Attitudinal and behavioral research methods complement each other, which is why they are commonly used together during qualitative research.

This landscape of user research methods includes both behavioral and attitudinal methods.
This landscape of user research methods includes both behavioral and attitudinal methods. Image credit Christian Rohrer.

See how users interact with a product in their environment

It’s recommended to perform research in the context of how a test participant normally would use your product so you can see how your product fits into their real life. This additional information will help you understand the constraints that users have in their environment and create better design solutions for your users.

Use think-aloud protocol

Think-aloud protocol is asking research participants to express their thoughts out loud while they interact with a product. This protocol helps the researcher understand the rationale behind individual user actions. It also creates an opportunity for the researcher to ask further questions to clarify behavior while the participant is walking through their tasks.

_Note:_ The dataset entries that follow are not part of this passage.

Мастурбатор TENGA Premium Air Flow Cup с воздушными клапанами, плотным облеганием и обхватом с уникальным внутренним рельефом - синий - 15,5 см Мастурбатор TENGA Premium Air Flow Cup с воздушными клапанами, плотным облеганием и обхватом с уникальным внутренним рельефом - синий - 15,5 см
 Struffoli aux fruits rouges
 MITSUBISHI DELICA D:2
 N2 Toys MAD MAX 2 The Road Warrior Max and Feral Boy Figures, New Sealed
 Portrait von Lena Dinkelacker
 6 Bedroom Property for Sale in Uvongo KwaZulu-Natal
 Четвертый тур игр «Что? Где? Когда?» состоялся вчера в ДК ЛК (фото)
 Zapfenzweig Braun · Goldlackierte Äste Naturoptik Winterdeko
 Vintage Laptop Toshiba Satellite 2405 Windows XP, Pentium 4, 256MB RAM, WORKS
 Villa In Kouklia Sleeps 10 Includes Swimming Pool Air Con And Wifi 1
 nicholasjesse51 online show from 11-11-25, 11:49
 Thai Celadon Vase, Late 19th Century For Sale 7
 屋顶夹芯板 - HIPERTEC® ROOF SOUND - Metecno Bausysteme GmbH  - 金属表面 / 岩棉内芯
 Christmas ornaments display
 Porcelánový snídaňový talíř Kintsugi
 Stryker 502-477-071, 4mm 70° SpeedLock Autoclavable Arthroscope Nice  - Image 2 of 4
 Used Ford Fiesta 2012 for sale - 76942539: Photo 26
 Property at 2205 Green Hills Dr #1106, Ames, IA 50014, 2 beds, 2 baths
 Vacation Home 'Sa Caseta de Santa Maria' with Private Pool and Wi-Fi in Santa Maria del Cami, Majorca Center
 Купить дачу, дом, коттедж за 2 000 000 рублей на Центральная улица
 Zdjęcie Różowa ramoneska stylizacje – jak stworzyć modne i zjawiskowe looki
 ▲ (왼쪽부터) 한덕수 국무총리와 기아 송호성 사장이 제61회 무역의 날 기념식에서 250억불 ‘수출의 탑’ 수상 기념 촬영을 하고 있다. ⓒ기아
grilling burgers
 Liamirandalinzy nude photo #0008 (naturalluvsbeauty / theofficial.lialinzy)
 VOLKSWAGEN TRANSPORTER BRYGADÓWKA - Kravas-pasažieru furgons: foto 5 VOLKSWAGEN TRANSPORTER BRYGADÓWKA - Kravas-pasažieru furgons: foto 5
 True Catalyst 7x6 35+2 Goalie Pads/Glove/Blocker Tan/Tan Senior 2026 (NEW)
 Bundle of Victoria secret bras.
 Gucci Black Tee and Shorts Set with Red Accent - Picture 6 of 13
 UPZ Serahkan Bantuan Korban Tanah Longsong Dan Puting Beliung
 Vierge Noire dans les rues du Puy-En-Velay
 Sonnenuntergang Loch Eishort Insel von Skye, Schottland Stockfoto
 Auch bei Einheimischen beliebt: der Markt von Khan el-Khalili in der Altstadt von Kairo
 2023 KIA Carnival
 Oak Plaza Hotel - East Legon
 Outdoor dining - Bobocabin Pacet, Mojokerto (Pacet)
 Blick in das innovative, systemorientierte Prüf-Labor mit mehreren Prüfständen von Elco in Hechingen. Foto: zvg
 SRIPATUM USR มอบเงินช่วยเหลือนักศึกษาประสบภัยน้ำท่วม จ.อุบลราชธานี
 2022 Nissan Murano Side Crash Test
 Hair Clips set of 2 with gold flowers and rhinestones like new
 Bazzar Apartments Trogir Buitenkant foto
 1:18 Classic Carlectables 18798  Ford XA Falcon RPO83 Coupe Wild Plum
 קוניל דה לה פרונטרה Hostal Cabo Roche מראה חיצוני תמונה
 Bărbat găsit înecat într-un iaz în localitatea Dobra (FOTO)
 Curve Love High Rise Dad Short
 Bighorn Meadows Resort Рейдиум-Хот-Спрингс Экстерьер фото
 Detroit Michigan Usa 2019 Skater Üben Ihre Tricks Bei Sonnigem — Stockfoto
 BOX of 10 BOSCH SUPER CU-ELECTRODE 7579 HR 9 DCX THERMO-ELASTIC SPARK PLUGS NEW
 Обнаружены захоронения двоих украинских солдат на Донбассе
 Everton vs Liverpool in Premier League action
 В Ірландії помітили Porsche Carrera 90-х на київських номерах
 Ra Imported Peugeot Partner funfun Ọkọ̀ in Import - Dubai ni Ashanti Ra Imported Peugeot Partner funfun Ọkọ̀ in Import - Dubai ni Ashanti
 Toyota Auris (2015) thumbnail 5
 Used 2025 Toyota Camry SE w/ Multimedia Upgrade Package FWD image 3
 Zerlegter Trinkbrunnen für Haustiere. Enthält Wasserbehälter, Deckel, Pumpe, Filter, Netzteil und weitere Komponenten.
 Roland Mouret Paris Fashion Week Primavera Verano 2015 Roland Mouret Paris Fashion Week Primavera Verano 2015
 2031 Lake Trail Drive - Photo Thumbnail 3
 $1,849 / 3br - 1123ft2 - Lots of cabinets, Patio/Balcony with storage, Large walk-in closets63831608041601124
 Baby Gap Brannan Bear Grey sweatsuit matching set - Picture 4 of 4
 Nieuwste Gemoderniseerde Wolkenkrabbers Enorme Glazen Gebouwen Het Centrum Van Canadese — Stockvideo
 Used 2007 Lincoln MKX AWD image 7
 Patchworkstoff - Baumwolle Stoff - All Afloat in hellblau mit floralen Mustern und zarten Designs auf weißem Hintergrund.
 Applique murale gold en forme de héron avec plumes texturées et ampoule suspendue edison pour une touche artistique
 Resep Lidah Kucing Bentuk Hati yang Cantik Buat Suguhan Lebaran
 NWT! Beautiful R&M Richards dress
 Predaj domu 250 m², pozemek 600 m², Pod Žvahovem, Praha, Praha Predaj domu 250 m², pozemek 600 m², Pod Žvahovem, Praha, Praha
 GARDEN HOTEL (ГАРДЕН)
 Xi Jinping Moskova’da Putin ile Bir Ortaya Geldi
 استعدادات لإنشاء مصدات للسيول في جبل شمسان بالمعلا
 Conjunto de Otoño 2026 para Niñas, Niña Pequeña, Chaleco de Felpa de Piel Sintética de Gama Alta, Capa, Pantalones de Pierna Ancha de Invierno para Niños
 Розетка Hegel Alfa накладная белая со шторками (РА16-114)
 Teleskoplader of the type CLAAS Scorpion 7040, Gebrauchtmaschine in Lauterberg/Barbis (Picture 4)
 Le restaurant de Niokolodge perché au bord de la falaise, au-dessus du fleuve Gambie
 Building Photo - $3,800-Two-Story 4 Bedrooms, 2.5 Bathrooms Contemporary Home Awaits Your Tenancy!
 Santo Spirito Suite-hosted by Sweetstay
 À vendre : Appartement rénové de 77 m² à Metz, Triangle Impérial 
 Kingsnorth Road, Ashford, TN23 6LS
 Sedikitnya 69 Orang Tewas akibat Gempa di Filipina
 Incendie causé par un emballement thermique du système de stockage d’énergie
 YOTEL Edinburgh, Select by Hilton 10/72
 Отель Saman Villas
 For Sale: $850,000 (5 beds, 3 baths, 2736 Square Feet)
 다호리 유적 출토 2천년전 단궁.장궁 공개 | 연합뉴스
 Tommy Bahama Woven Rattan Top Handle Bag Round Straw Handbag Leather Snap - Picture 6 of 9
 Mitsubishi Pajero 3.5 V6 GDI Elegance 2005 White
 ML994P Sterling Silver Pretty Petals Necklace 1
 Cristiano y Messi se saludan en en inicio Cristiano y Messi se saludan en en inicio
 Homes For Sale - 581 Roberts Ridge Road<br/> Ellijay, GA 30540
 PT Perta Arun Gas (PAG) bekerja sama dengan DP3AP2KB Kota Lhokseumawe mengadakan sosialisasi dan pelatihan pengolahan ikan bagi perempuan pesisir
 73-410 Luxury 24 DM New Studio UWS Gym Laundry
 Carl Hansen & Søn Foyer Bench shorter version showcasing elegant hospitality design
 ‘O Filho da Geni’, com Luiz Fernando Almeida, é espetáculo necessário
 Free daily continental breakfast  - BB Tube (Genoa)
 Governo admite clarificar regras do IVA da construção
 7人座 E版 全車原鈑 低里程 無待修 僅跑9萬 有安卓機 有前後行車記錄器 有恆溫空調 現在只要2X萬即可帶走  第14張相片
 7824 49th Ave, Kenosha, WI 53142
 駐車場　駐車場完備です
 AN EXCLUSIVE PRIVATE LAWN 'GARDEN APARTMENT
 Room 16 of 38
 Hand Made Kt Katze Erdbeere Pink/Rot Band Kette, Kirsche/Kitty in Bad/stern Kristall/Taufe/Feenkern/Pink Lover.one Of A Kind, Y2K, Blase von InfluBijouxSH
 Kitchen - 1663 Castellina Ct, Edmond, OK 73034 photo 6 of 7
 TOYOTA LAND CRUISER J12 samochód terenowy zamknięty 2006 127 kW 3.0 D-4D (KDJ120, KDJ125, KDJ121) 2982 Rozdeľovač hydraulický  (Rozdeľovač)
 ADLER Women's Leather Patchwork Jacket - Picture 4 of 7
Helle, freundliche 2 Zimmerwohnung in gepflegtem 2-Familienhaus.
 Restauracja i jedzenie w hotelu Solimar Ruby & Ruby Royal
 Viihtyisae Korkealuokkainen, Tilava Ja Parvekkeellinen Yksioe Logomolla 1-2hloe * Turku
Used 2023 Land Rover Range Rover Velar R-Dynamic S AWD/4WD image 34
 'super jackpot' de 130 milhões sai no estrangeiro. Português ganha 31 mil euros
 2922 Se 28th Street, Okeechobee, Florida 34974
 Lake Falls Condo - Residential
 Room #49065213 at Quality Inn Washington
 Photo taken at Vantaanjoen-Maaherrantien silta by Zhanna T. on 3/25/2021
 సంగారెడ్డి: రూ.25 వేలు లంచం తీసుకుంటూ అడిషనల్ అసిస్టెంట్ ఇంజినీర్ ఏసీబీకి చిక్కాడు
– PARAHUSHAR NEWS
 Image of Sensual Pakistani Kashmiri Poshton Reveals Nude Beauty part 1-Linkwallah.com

Do not influence test participants during the research process

Influencing test participants while running a study is one of the critical mistakes that many researchers make. When this happens, researchers make user search results less reliable. Thus, even when you, as a researcher, have a personal opinion about something, do not tell that to the test participant. Strive to make your research represent the participants’ perspectives as much as possible.

Here are three rules to follow:

  • Do ask open and explorative questions. Follow up with questions such as multiple “Why?” questions to clarify user behavior.
  • Don’t interrupt test participants. Let them speak as long as they want.
  • Don’t put words in the participant’s mouth. Don’t ask leading questions (such as “Why do you think this product design is great?”).

Systematize your research result analysis

People have a tendency to misinterpret things, and researchers are no exception. When you analyze the user research data, don’t just search for the results that you expected to get at the beginning of the research. Instead, try to focus on the things that contradict your expectations. This will help you prevent overlooking problems that you did not expect. Remember, if you are not open to the participant’s point of view, there is no reason to carry out the qualitative user research in the first place.

Here are a few things to remember when ensuring that the interpretation of data is valid:

  • Practice peer debriefing. Peer debriefing is inviting other people in results analysis. Another person might have a different perspective, and this will help you analyze your data. Simply share your analysis with other people to see if they have any comments or objections to your findings.
  • Ensure that you have enough data. Do not draw conclusions based on isolated or limited data. Ensure that you have sufficient details about the user experience.
  • Use triangulation. Triangulation is a technique of using multiple data sources to build a complete picture of user interaction with a product. Use multiple qualitative methods to assess the user interactions.
  • Practice member checking. Validate your interpretation of data by presenting your findings to the original test participants. Test participants will tell you whether they believe your assumptions are valid or invalid.


Qualitative user research is a powerful method of studying people using your product. It focuses on personal perceptions of the world and the experiences in it. To get the most out of qualitative research, you need to consider your design objectives and select the method that better fits your goal.